Ma su tutto imperava il Miles divino, quello di Kind of Blue,  e del  quintetto con George Coleman  al sax tenore ( poi sostituito da Wayne Shorter), Herbie Hancock,  al pianoforte, Ron Carter al contrabbasso  , Tony Williams alla batteria.  Quel Miles ha riempito molte delle mie giornate. Ho passato pomeriggi e notti intere a volare sulle note di Esp, My funny valentine, Seven  steps to heaven, Four   e altre straordinarie esecuzioni. Davis nel giradischi, una fumata di pipa,  un bicchiere di grappa o di vino,  qualcosa di alcolico insomma, discussioni con i tre o quattro amici di allora, così scorreva la mia vita di adolescente,  senza trascurare le ragazze ovviamente  che in verità non sono state molte. Non c’è dubbio,  Miles Davis è diventato ed è  una presenza nella mia quotidianità passata e presente . 

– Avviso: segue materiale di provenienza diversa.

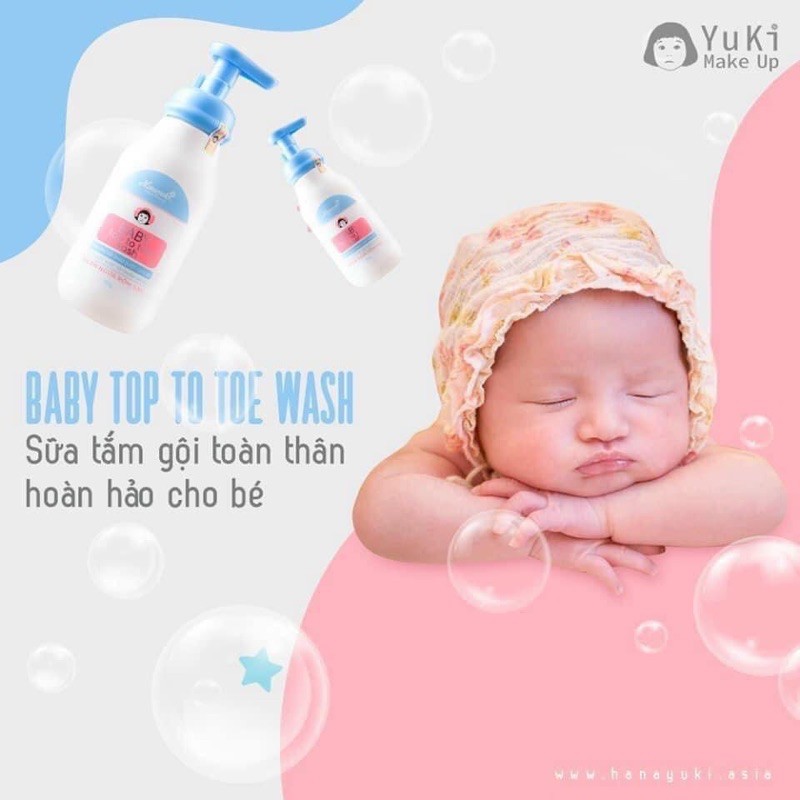 [Chính Hãng]Sữa tắm gội thảo dược cho bé Hanayuki Baby Top To Toe giảm rôm sảy làm sạch và dịu da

Qualche mese fa trovai in cantina alcune fotografie di quegli anni . Scatti di reflex che allora   consideravo creativi, sperimentali, ma per lo più erano foto uscite male. Decisi di digitalizzare quelle immagini e ricavarne una  video clip. Indovinate quale musica ho scelto per accompagnare lo scorrere di quegli scatti?  Proprio un brano di Miles Davis, Eighty One per la precisione. Lo pubblico qui sotto, proponendolo all’attenzione di quei naviganti un po’ sognatori, appassionati di musica e utopia. Ringrazio la mia amica Marina per aver fatto scattare, questa sequenza di ricordi, e ringrazio ovviamente Miles Davis.